**How to complete this task**: Once the pictures are set aside, transcribe the remaining data exactly.

**Source material**:
-------
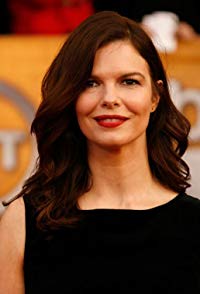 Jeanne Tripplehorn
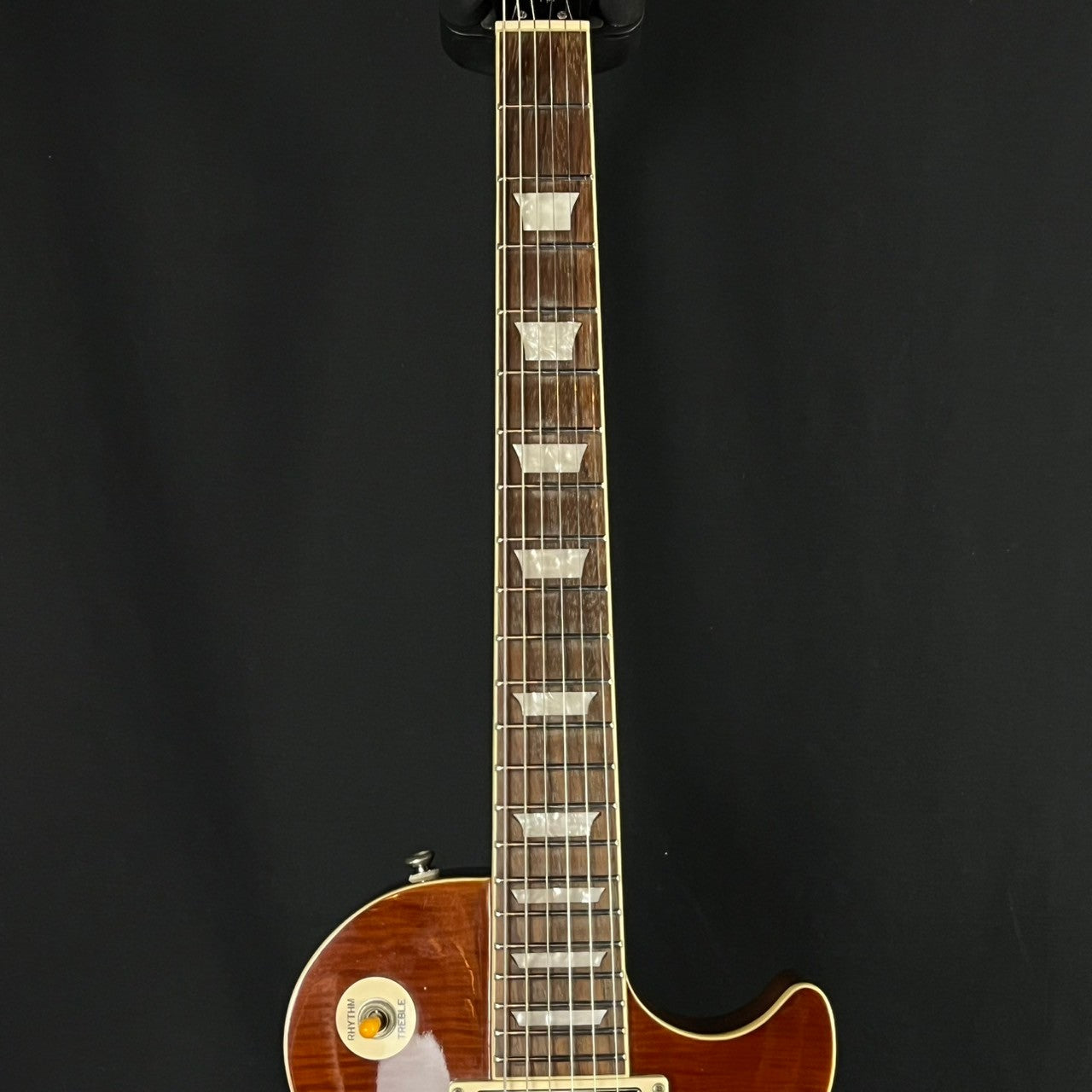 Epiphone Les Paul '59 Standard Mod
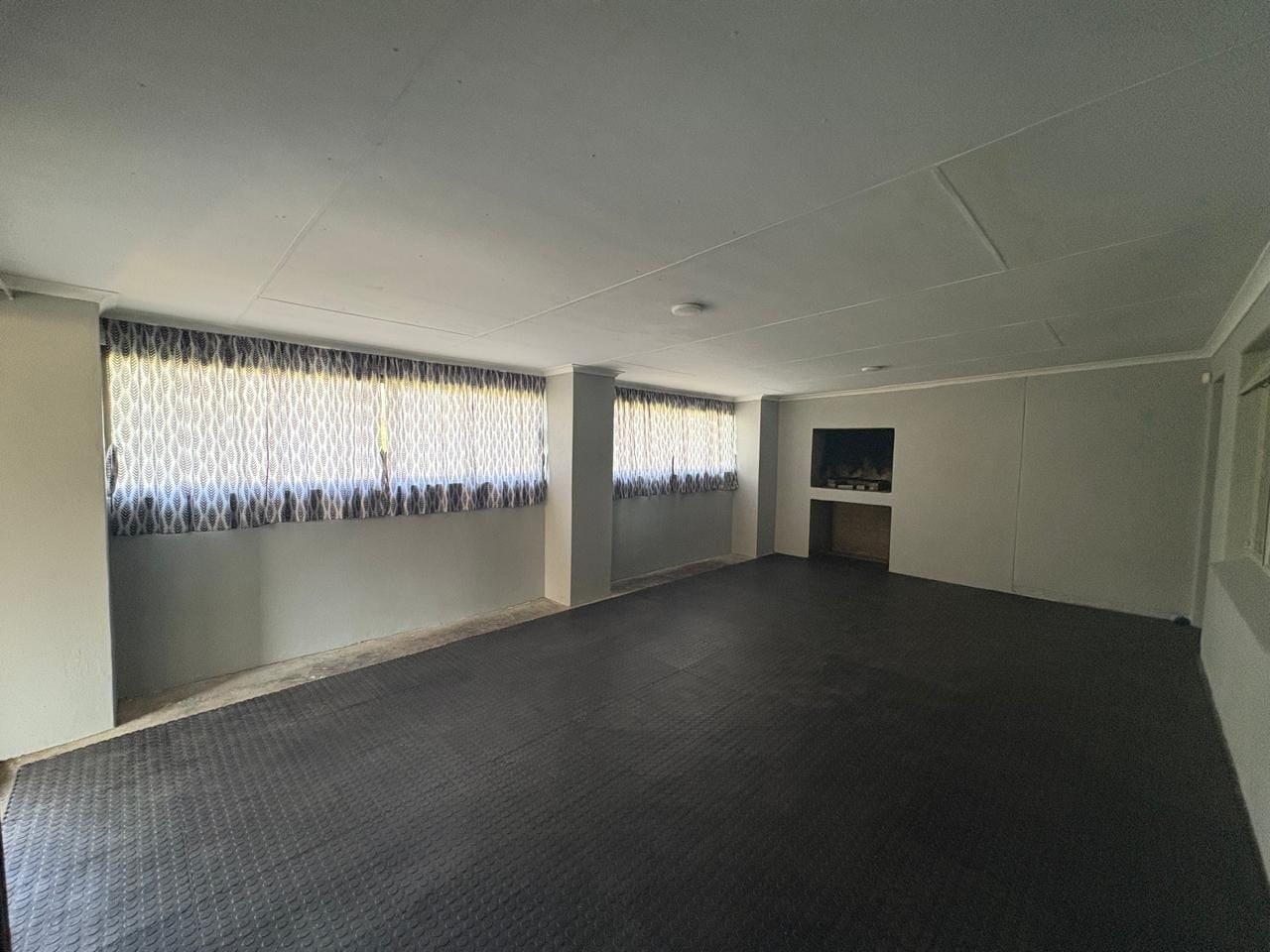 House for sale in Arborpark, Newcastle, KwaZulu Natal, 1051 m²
-------
**Task solution**:
 Jeanne Tripplehorn
 Epiphone Les Paul '59 Standard Mod
 House for sale in Arborpark, Newcastle, KwaZulu Natal, 1051 m²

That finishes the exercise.